Deskripsi Pekerjaan
Are you obsessed with uptime, scalability, and system performance? NexusCloud Systems is looking for a elite Senior Site Reliability Engineer to join our core infrastructure team. In this role, you will bridge the gap between development and operations, building robust, automated systems that power our global SaaS platform.
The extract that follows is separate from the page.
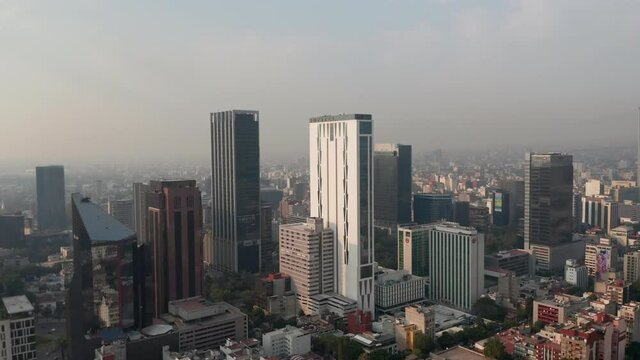 Panorama curve shot of downtown. Flying towards tall office buildings. Limited visibility due to air pollution. Mexico City, Mexico.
You will work at the cutting edge of cloud-native technologies to ensure our services remain performant and resilient for millions of daily users.
Tanggung Jawab
- Design, build, and maintain highly available, scalable, and secure cloud infrastructure on AWS/GCP.
- Automate manual operational tasks through infrastructure-as-code (IaC) using Terraform and Ansible.
- Lead incident response efforts and conduct blameless post-mortems to improve system reliability.
- Optimize cloud spending through resource utilization analysis and auto-scaling fine-tuning.
- Develop and maintain comprehensive monitoring, alerting, and observability dashboards.
- Collaborate with engineering teams to improve software delivery pipelines and CI/CD workflows.
- Implement security best practices and compliance standards across the production environment.
Kualifikasi
- Bachelor’s degree in Computer Science, Engineering, or equivalent practical experience.
- 5+ years of experience in SRE, DevOps, or Systems Engineering roles.
- Deep expertise in Kubernetes, Docker, and container orchestration at scale.
- Proficiency in programming languages such as Go, Python, or Ruby for automation.
- Extensive experience with cloud infrastructure providers (AWS or GCP).
- Strong understanding of CI/CD methodologies and tools like Jenkins, GitLab CI, or GitHub Actions.
- Proven ability to troubleshoot complex, distributed systems in a production environment.